Malik lo hizo. Miré a Vang enarcando una ceja.

– Para mí que ha sido atropellado por un coche -observó.

Malik asintió con un gesto.

– Pero ¿por qué se tomaron el trabajo de enterrarlo? -preguntó Penhall.

– Porque probablemente se trata del perro de una familia de por aquí. Bonney ya está en el punto de mira debido a su reputación de pederasta.

Miré la alta y estilizada casa de la colina. El sol de la mañana resplandecía en los cristales de unas ventanas que iban desde el suelo al techo de lo que debía de corresponder a la sala. La vecina y su familia tenían una espléndida vista sobre el lago, y también sobre la propiedad del pederasta señor Bonney.

– ¿Qué haremos ahora? -dijo Malik incorporándose.

– Es una buena pregunta -repuse-. Los perros son propiedades. A mi entender estamos ante un delito contra la propiedad. No hay personas desaparecidas. Me parece que lo llevaremos a la comisaría de policía de Wayzata para que ellos se ocupen del asunto.

Mientras Vang giraba en redondo y orientaba el coche hacia la ciudad, echó un vistazo a la casa de Bonney, una humilde morada de un solo bloque con el techo del porche ligeramente hundido.
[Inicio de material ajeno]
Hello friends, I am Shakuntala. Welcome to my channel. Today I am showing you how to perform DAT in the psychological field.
– Me pregunto qué encontraríamos en esa casa si pudiésemos entrar.

– Una denuncia por allanamiento -contesté.

Vang condujo hacia Minneapolis, pero no hacia el trabajo. Yo tenía que recoger mi propio coche y, sobre todo, deseaba una ducha. Había tiempo. No preveíamos un día de los peores, dadas las exigencias del trabajo. De hecho, Vang y yo llegamos aproximadamente una hora antes de lo habitual.

– Me olvidé mencionarlo ayer -dijo Vang-, pero el domingo por la noche la novia de Fielding recibió una de esas llamadas como las que recibieron las esposas de Mann y Juárez.
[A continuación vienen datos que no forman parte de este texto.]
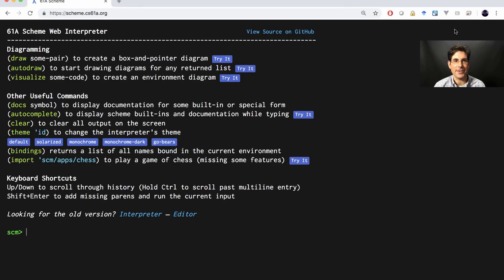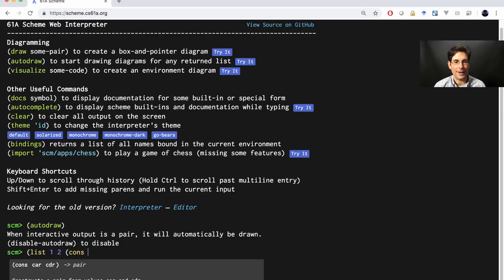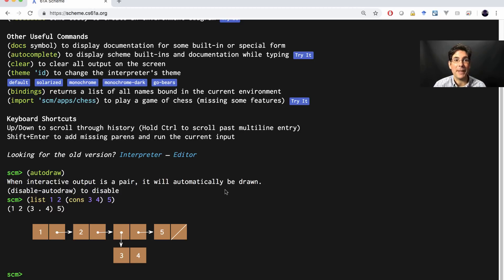It has some fancy features. If you turn on auto-draw and then build a list containing one, two, and the cons of three and four and five, it will show you the structure you've constructed in addition to the standard way that Scheme would print it out. So if you want to get some practice building the linked list structures that are fundamental to Scheme, turning on auto-draw and trying stuff out in the web-based Scheme interpreter is a good way to do it.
– ¿Ah, sí? -Sabía de qué iba el asunto. Todos lo sabían. Dos esposas de oficiales del condado de Hennepin habían recibido llamadas anónimas en los últimos días.

La voz de quien las realizaba, en ambos casos, sonaba sincera y apenada. La persona se identificó como un miembro del servicio de urgencias y dijo a la esposa del oficial Mann que su marido estaba herido de gravedad como consecuencia de un accidente de tráfico.